The Fed is currently treading a fine line. It acknowledges that its ambition is to achieve a “soft landing.” That would be an outcome where it tames inflation through higher interest rates without going too far and tipping the economy into a recession.

But many doubt whether that’s possible. And Mr. Powell has previously signaled, in effect, that a recession would be a price worth paying to rein in inflation.

Will markets hear a sufficiently more gentle message from Mr. Powell on Friday that mortgage rates can fall back somewhat? Or will he continue to follow a strong rate-hikes-no-matter-what line?

We’ll have to wait to see. But I’d be surprised were he suddenly to turn from a hawk into a dove.

6% mortgage rates?

I mentioned earlier that the average rate for a 30-year, fixed-rate mortgage is now “perilously close to 6%.” If you’re still waiting to lock your rate, you may be surprised by that. Because your lender may well already be offering you one that’s above the 6% mark.

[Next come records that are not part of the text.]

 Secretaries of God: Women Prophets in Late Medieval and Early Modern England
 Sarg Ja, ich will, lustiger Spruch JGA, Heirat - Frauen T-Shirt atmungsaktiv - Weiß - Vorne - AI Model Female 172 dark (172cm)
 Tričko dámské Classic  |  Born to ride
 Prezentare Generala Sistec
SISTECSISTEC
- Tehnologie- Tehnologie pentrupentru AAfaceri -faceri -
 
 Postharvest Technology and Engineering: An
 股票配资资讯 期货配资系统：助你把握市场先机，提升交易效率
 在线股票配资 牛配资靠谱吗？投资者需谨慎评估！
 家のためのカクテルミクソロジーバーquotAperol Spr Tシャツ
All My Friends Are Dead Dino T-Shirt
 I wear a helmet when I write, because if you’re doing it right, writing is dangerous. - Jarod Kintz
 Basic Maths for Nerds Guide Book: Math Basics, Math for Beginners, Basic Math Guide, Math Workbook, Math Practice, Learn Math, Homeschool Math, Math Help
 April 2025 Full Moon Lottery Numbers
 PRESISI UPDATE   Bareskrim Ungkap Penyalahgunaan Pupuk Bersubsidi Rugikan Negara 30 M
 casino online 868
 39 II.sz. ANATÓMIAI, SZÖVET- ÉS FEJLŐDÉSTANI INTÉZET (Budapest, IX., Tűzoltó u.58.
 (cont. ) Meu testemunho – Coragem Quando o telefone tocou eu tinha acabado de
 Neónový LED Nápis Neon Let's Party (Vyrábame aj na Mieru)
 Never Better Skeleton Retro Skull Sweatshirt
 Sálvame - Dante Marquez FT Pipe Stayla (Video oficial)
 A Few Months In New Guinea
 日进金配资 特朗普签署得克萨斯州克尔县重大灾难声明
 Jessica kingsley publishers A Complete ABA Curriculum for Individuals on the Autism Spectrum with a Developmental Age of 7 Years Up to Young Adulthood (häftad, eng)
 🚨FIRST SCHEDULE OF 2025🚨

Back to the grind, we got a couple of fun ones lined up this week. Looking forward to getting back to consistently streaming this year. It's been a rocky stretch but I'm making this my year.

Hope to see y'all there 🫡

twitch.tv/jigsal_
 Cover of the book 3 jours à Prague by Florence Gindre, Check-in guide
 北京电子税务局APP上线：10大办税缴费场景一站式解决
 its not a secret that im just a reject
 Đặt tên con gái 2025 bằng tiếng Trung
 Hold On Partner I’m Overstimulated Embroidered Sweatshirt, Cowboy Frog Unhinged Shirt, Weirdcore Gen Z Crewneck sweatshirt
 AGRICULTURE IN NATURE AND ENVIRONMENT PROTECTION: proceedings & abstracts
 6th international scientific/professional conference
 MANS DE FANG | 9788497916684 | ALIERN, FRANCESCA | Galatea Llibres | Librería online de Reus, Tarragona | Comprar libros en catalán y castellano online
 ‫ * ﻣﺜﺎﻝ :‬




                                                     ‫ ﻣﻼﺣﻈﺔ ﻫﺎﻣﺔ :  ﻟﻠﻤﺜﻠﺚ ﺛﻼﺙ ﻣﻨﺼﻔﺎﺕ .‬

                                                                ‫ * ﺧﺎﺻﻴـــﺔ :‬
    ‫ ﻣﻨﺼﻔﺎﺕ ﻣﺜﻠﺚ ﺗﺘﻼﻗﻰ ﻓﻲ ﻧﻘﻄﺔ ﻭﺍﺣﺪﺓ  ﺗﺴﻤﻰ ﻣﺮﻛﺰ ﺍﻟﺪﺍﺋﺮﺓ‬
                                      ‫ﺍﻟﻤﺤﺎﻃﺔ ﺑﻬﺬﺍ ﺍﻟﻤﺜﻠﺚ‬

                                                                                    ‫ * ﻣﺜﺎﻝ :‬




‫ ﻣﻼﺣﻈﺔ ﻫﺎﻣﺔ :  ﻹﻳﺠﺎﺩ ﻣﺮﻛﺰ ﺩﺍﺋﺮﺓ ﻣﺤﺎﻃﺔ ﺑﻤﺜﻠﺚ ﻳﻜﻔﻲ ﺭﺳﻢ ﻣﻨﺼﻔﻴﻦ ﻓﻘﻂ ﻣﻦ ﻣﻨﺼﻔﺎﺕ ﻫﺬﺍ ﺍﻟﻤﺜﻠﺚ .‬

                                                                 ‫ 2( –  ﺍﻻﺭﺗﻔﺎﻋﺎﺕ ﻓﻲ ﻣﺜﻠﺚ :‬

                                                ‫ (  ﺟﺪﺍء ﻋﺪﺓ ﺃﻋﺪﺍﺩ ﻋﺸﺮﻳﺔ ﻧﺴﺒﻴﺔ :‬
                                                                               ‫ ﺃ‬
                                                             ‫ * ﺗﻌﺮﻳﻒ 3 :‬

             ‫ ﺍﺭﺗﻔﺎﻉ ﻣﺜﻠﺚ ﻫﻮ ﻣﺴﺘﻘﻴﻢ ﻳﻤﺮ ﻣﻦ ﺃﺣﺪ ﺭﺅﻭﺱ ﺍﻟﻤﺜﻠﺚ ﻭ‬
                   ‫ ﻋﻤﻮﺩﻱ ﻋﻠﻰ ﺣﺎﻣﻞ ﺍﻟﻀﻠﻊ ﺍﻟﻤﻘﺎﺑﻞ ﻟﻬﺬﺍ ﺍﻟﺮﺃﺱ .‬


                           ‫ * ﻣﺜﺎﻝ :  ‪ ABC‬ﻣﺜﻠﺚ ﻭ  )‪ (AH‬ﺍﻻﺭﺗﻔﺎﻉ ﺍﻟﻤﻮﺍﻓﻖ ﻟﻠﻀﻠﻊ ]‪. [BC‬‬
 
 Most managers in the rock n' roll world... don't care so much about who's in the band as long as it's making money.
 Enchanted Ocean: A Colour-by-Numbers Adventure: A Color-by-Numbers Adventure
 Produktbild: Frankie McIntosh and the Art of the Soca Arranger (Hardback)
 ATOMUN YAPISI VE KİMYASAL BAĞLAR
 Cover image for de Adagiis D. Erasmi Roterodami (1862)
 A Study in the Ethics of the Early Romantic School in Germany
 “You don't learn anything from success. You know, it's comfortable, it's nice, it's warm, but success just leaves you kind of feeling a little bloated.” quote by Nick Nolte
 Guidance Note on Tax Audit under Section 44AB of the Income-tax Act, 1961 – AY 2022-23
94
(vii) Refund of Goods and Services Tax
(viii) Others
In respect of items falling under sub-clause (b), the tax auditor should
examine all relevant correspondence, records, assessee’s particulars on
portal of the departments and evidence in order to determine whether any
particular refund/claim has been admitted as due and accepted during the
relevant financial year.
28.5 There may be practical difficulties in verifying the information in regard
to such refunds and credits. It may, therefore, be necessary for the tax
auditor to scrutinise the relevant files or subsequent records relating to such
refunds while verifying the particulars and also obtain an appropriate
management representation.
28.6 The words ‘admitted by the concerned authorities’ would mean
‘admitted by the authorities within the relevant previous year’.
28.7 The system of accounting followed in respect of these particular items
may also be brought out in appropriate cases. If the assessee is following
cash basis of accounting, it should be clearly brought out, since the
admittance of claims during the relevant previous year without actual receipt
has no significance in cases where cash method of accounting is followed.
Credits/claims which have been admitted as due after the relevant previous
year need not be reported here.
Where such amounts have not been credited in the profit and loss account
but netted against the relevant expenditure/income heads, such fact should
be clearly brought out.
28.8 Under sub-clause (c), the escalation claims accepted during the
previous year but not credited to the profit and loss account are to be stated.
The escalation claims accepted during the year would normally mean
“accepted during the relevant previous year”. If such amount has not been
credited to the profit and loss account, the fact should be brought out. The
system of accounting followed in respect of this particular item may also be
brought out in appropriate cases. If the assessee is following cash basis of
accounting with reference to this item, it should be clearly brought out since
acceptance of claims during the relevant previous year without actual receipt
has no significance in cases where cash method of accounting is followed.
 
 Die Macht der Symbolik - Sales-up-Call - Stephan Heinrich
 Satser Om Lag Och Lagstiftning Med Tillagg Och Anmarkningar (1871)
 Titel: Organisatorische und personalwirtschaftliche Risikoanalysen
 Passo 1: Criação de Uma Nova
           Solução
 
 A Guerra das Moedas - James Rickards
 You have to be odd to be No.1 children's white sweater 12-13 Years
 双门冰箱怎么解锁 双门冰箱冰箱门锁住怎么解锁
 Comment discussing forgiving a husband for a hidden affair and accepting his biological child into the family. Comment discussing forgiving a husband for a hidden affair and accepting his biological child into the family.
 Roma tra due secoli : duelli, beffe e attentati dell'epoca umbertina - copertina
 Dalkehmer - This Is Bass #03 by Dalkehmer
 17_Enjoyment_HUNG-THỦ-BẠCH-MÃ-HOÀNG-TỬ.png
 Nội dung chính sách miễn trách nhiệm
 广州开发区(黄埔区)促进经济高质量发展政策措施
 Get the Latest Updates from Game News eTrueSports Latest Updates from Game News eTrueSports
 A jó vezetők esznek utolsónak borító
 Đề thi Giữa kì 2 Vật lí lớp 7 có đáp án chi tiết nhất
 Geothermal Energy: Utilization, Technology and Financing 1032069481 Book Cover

Some of that may be down to your lender’s competitiveness. But much will also depend on your borrower profile. For those with less-than-perfect credit or high existing debts or a minimum down payment, a 6%+ rate might already be a reality.

Read the weekend edition of this daily article for more background.

Over much of 2020, the overall trend for mortgage rates was clearly downward. And a new, weekly all-time low was set on 16 occasions that year, according to Freddie Mac.

The most recent weekly record low occurred on Jan. 7, 2021, when it stood at 2.65% for 30-year fixed-rate mortgages.

Rates then bumbled along, moving little for the following eight or nine months. But they began rising noticeably that September. Unfortunately, they’ve been mostly shooting up since the start of 2022, although they’ve been kinder since May.

Freddie’s Aug. 25 report puts that same weekly average for conventional, 30-year, fixed-rate mortgages at 5.55% (with 0.8 fees and points), up from the previous week’s 5.13%.

Note that Freddie expects you to buy discount points (“with 0.8 fees and points”) on closing that earn you a lower rate. If you don’t do that, your rate would be closer to the ones we and others quote.

Expert mortgage rate forecasts

Looking further ahead, Fannie Mae, Freddie Mac and the Mortgage Bankers Association (MBA) each has a team of economists dedicated to monitoring and forecasting what will happen to the economy, the housing sector and mortgage rates.

And here are their current rate forecasts for the remaining two quarters of 2022 (Q3/22, Q4/22) and the first two quarters of next year (Q1/23, Q2/23).

The numbers in the table below are for 30-year, fixed-rate mortgages. Fannie’s forecast appeared on Aug. 22 and the MBA’s on Aug. 23. Freddie’s came out around Jul. 21. But it now releases forecasts only quarterly. So, expect its figures to look stale soon.

Fannie Mae5.1%4.8% 4.7%4.5%
Freddie Mac5.5%5.4% 5.2%5.2%
MBA5.3%5.2% 5.1%5.0%

Of course, given so many unknowables, the whole current crop of forecasts might be even more speculative than usual. And their past record for accuracy hasn’t been wildly impressive. Personally, I think they’re wildly optimistic.

Find your lowest rate today

You should comparison shop widely, no matter what sort of mortgage you want. As federal regulator the Consumer Financial Protection Bureau says:

“Shopping around for your mortgage has the potential to lead to real savings. It may not sound like much, but saving even a quarter of a point in interest on your mortgage saves you thousands of dollars over the life of your loan.”

Mortgage rate methodology

The Mortgage Reports receives rates based on selected criteria from multiple lending partners each day. We arrive at an average rate and APR for each loan type to display in our chart. Because we average an array of rates, it gives you a better idea of what you might find in the marketplace. Furthermore, we average rates for the same loan types. For example, FHA fixed with FHA fixed. The end result is a good snapshot of daily rates and how they change over time.